SOURCE RECORDS:
______________________________
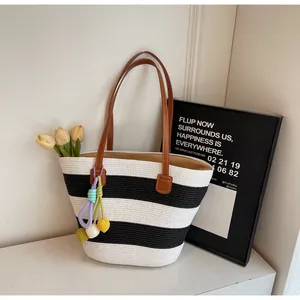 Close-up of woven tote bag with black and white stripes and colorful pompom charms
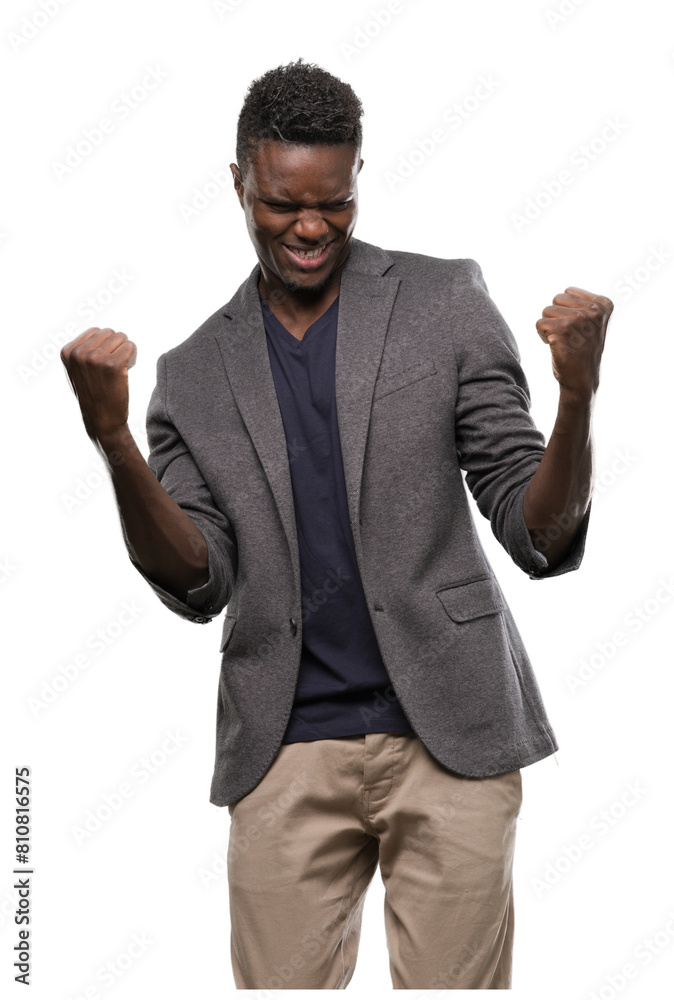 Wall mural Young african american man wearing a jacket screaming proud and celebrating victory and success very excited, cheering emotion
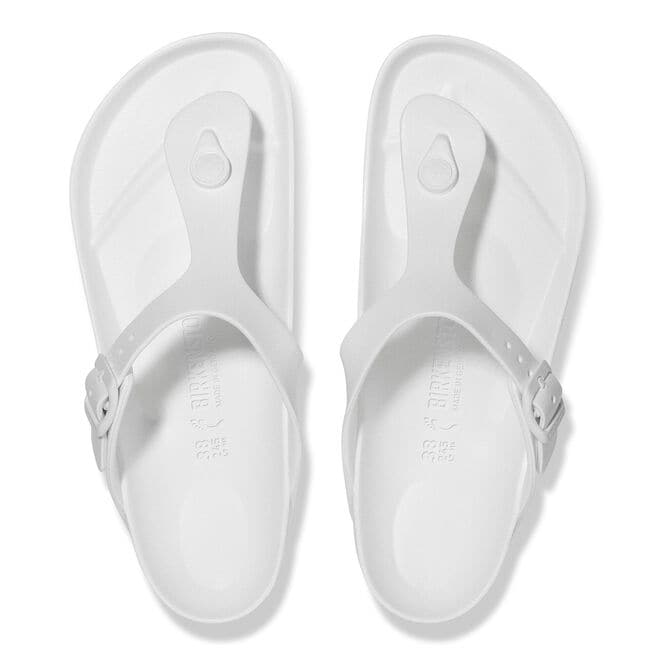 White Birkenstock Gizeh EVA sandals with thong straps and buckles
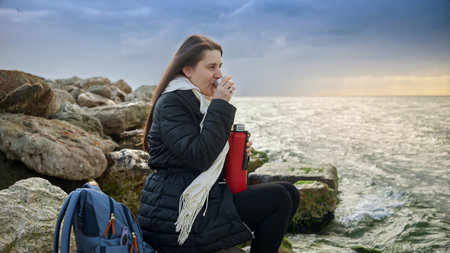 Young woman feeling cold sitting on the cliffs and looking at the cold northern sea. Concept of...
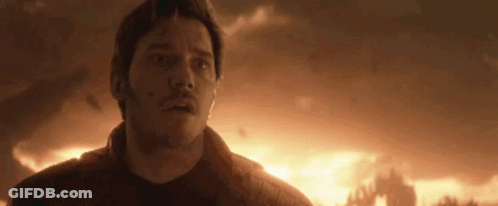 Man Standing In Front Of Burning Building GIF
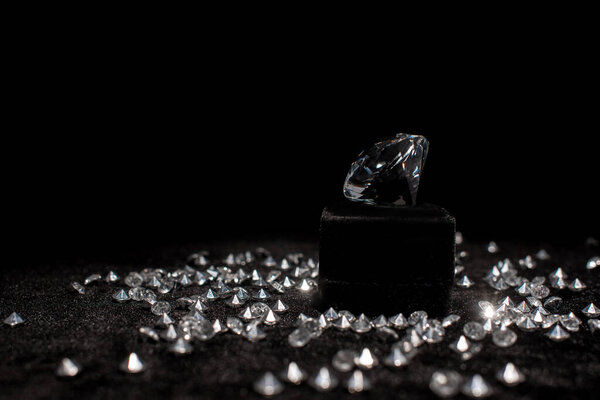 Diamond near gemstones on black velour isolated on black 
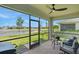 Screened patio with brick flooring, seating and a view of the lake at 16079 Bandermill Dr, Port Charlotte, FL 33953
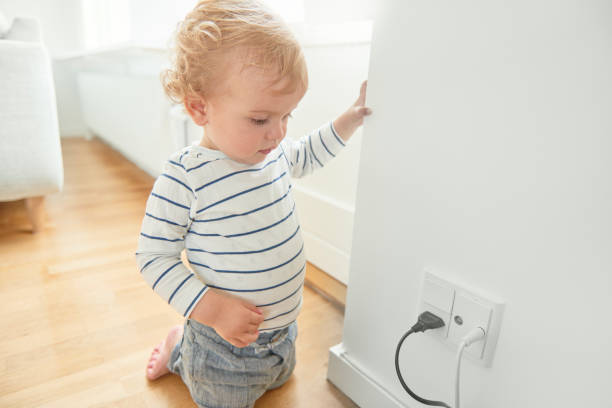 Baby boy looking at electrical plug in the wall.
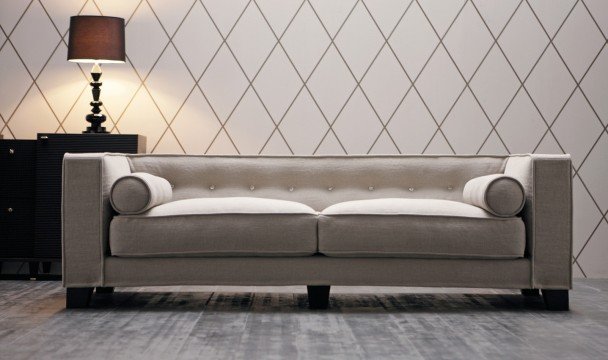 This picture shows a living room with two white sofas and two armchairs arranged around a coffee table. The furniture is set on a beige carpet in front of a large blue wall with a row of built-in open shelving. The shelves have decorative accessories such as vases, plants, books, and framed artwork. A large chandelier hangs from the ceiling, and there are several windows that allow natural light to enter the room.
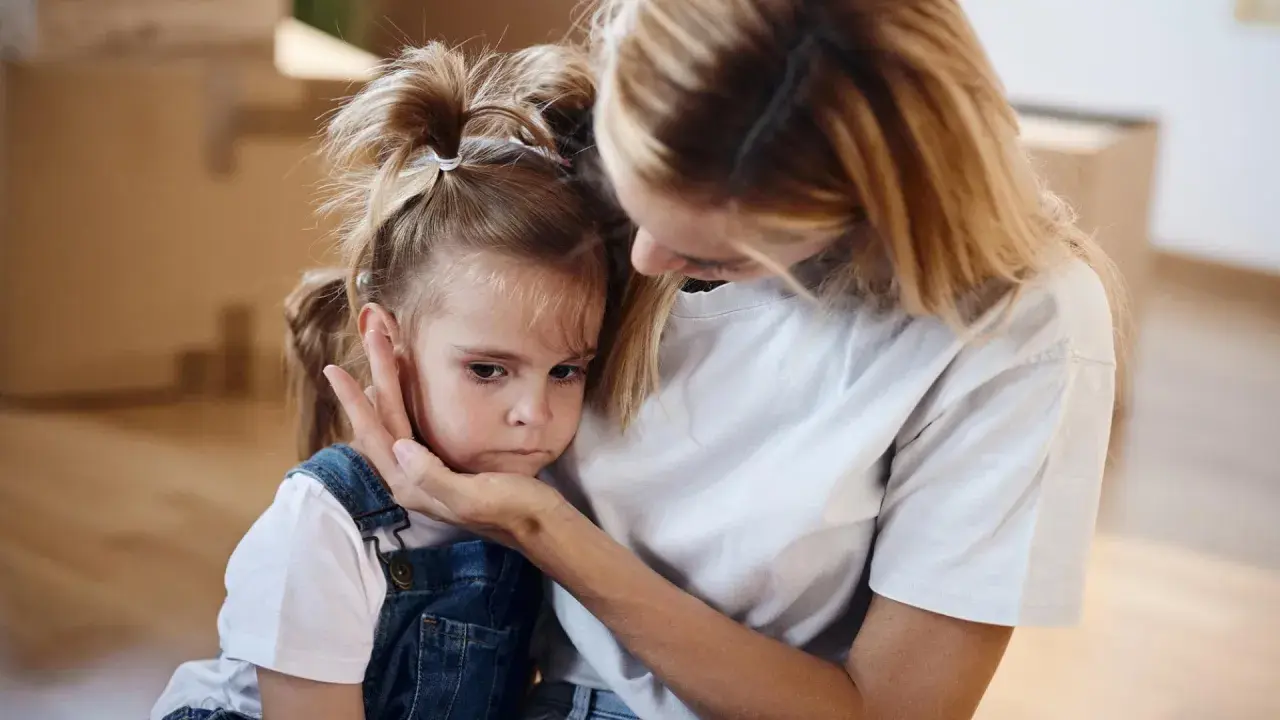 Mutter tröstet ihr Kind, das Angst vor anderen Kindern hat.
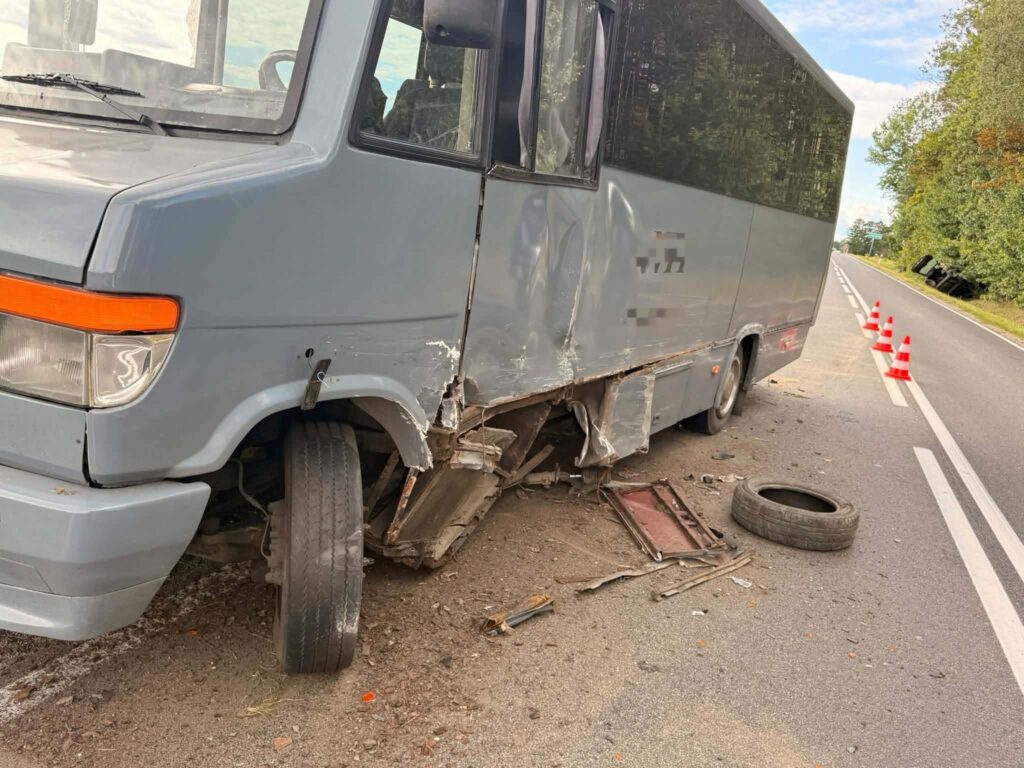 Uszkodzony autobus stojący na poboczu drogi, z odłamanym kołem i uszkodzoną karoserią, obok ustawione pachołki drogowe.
______________________________
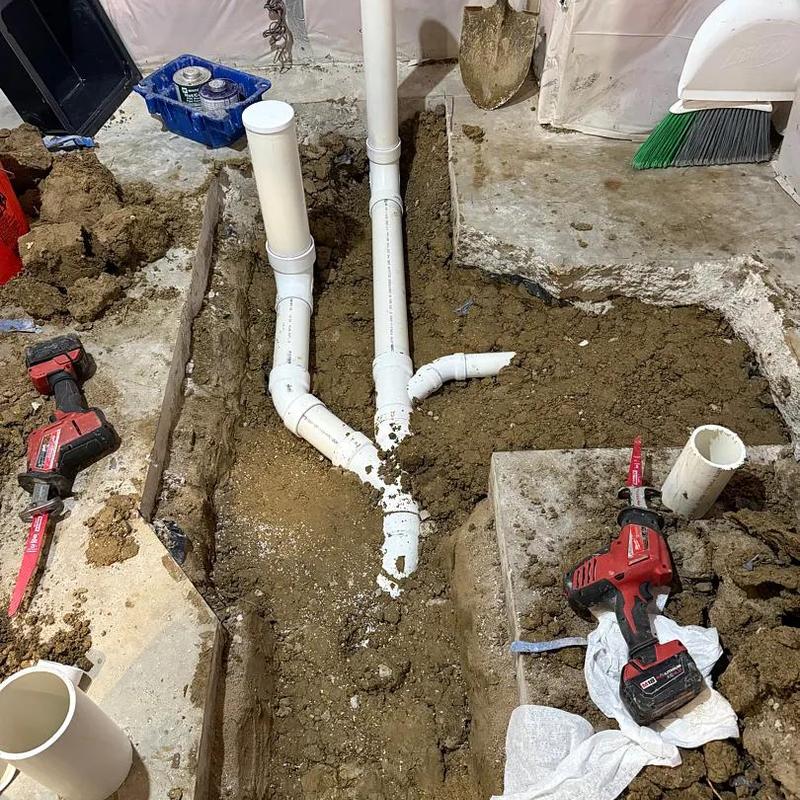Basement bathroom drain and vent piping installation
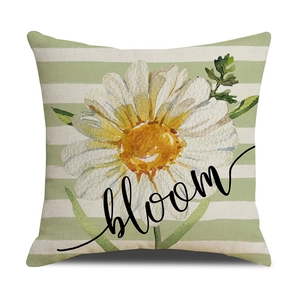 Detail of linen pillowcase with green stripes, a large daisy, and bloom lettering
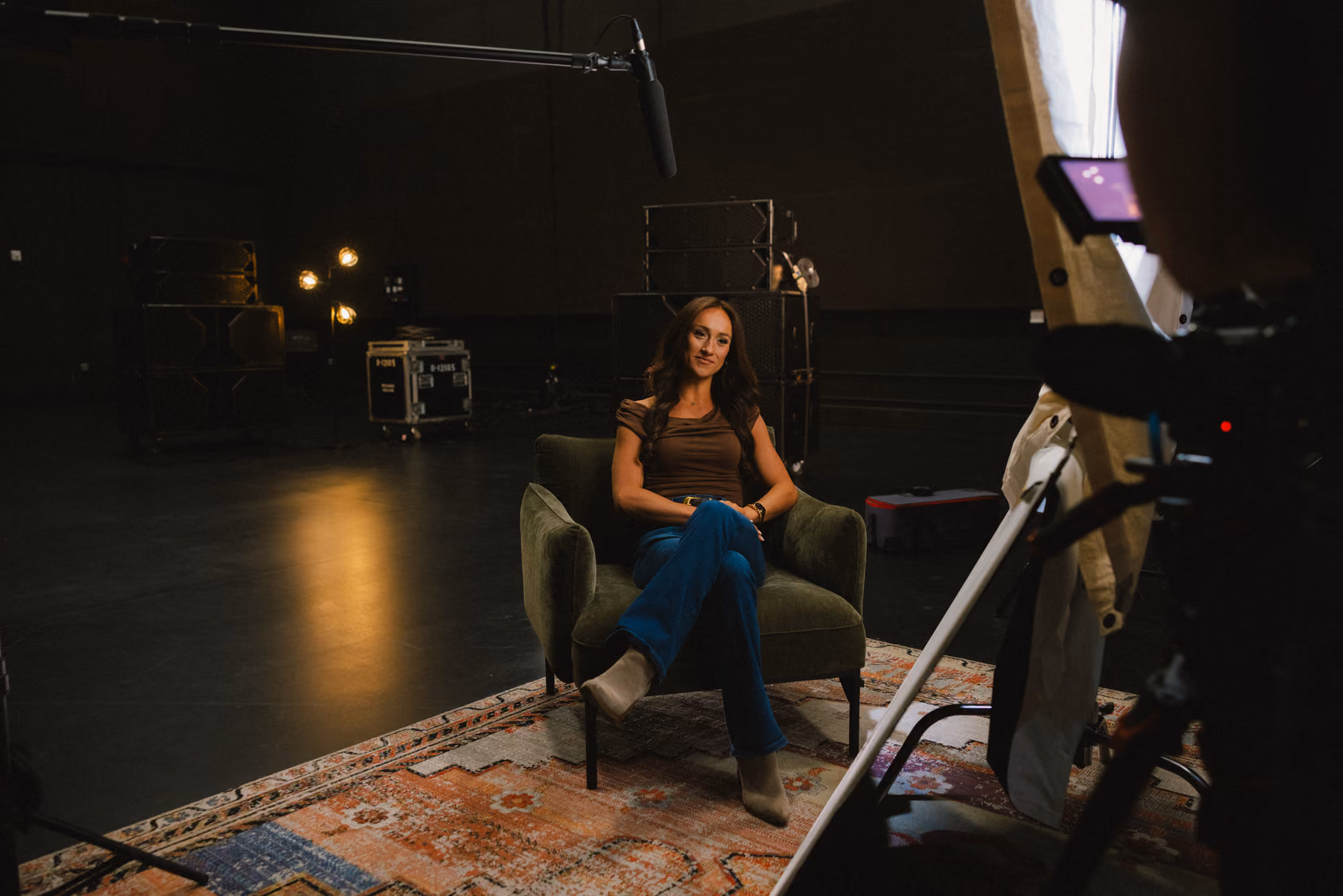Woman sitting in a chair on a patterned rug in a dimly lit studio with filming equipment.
______________________________
Give back exactly, and solely, the section of the data above bounded by the line containing "Close-up of woven" and the line containing "Uszkodzony autobus stojący", both bounding lines included and pictures omitted.

 Close-up of woven tote bag with black and white stripes and colorful pompom charms
 Wall mural Young african american man wearing a jacket screaming proud and celebrating victory and success very excited, cheering emotion
 White Birkenstock Gizeh EVA sandals with thong straps and buckles
 Young woman feeling cold sitting on the cliffs and looking at the cold northern sea. Concept of...
 Man Standing In Front Of Burning Building GIF
 Diamond near gemstones on black velour isolated on black 
 Screened patio with brick flooring, seating and a view of the lake at 16079 Bandermill Dr, Port Charlotte, FL 33953
 Baby boy looking at electrical plug in the wall.
 This picture shows a living room with two white sofas and two armchairs arranged around a coffee table. The furniture is set on a beige carpet in front of a large blue wall with a row of built-in open shelving. The shelves have decorative accessories such as vases, plants, books, and framed artwork. A large chandelier hangs from the ceiling, and there are several windows that allow natural light to enter the room.
 Mutter tröstet ihr Kind, das Angst vor anderen Kindern hat.
 Uszkodzony autobus stojący na poboczu drogi, z odłamanym kołem i uszkodzoną karoserią, obok ustawione pachołki drogowe.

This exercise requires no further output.